**EXERCISE BRIEF**: Once the images are set aside, write out the rest of the records exactly.

[Crawled caption data]
_____

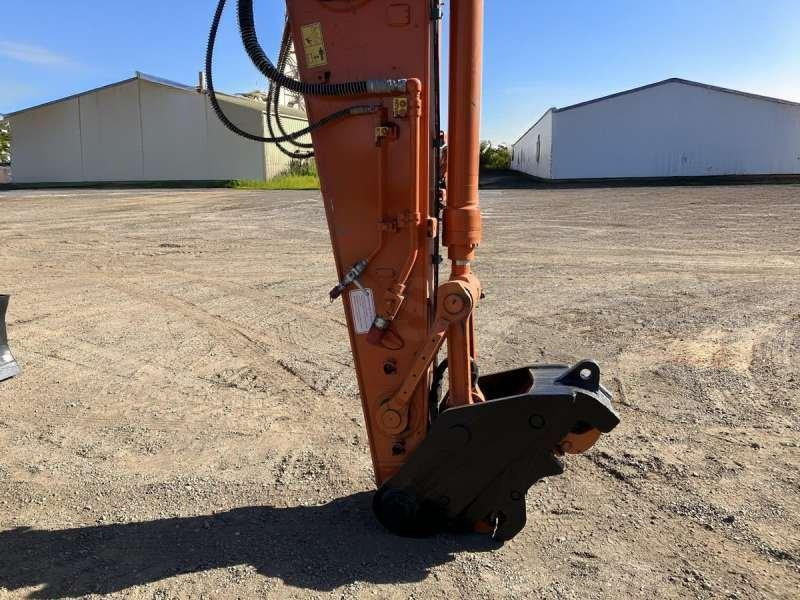 Hitachi ZX180W-7 - Колёсный экскаватор: фото 5 Hitachi ZX180W-7 - Колёсный экскаватор: фото 5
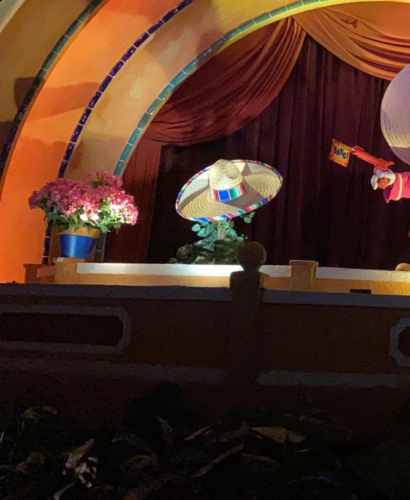 donald duck replaced by a plant in the gran fiesta tour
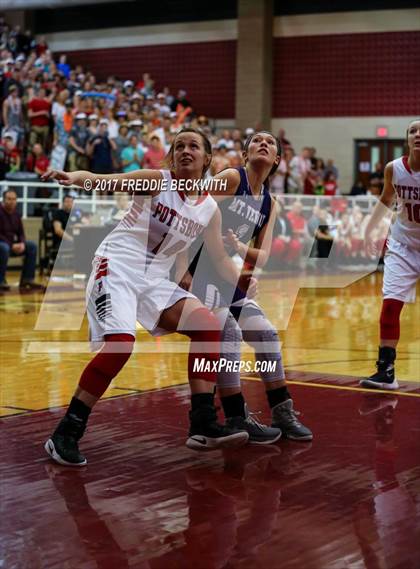 Thumbnail 1 in Pottsboro vs. Mt. Vernon photogallery.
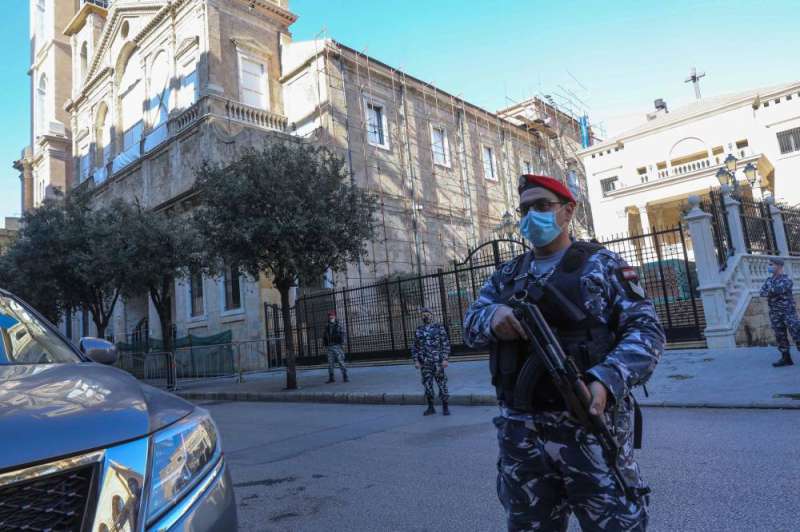 عناصر أمن لبنانيون في وسط بيروت خلال الأعياد (أ ف ب)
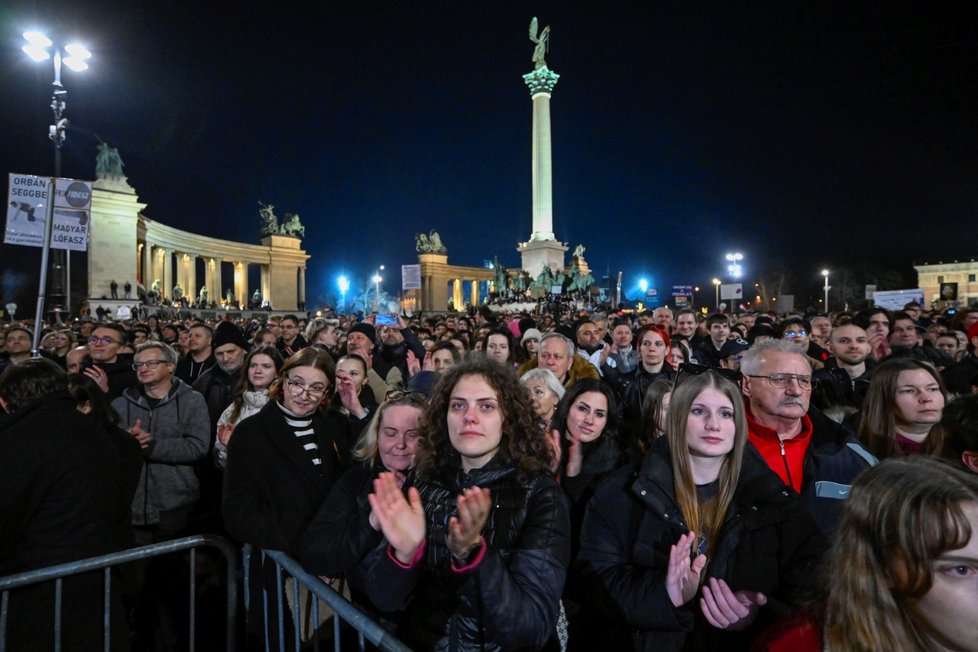 Velká demonstrace v Budapešti kvůli skandálu sexuálního zneužívání (16.2.2024)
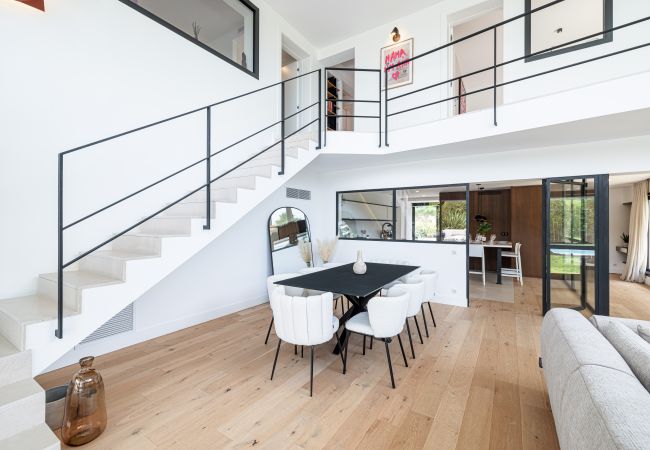 Villa in Mougins - Unique Villa - Contemporary - Swimming pool - Air conditioning Villa in Mougins - Unique Villa - Contemporary - Swimming pool - Air conditioning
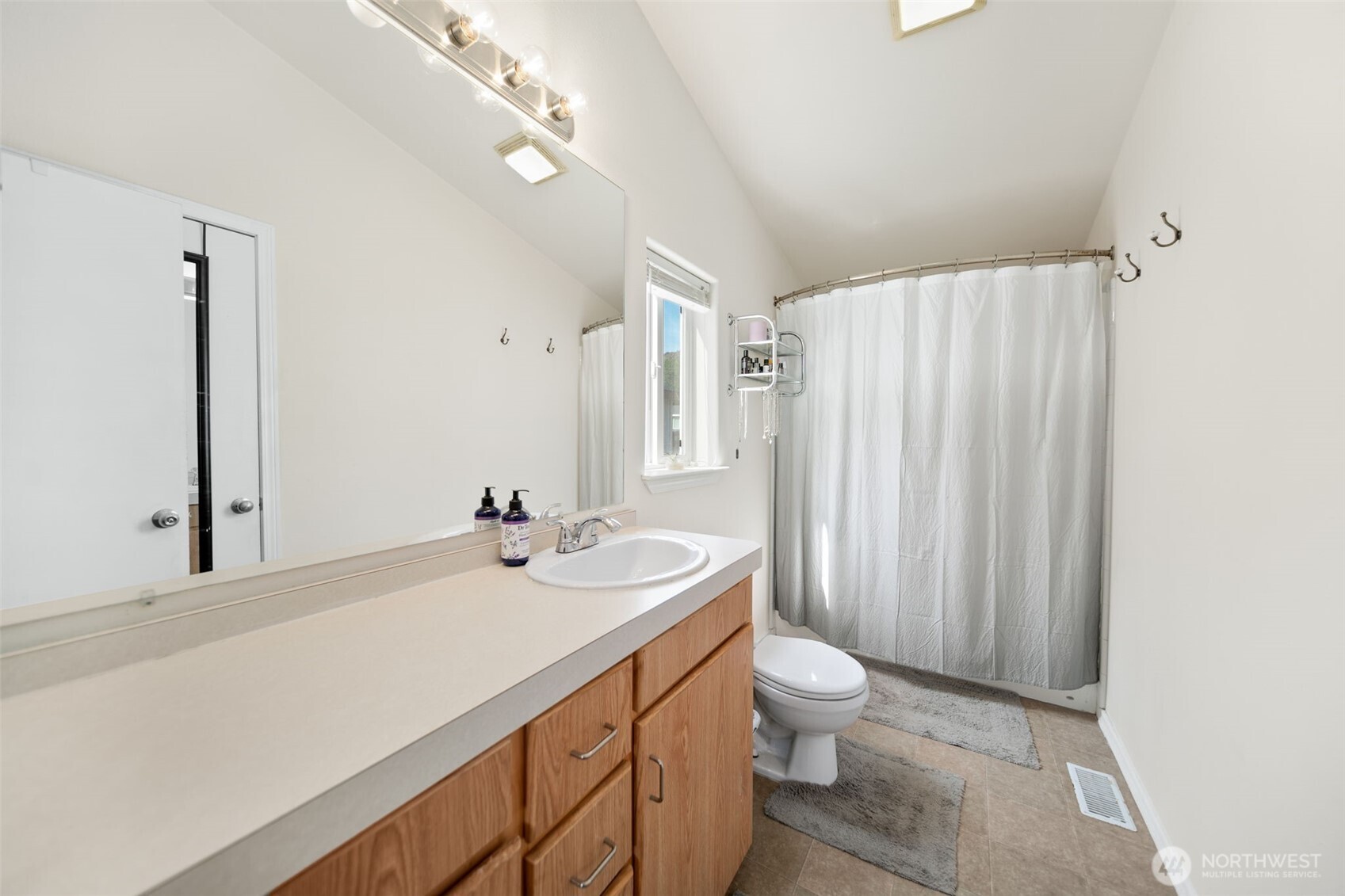 14617 Diamond Avenue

_____

**ANSWER TO THE EXERCISE**:
 Hitachi ZX180W-7 - Колёсный экскаватор: фото 5 Hitachi ZX180W-7 - Колёсный экскаватор: фото 5
 donald duck replaced by a plant in the gran fiesta tour
 Thumbnail 1 in Pottsboro vs. Mt. Vernon photogallery.
 عناصر أمن لبنانيون في وسط بيروت خلال الأعياد (أ ف ب)
 Velká demonstrace v Budapešti kvůli skandálu sexuálního zneužívání (16.2.2024)
 Villa in Mougins - Unique Villa - Contemporary - Swimming pool - Air conditioning Villa in Mougins - Unique Villa - Contemporary - Swimming pool - Air conditioning
 14617 Diamond Avenue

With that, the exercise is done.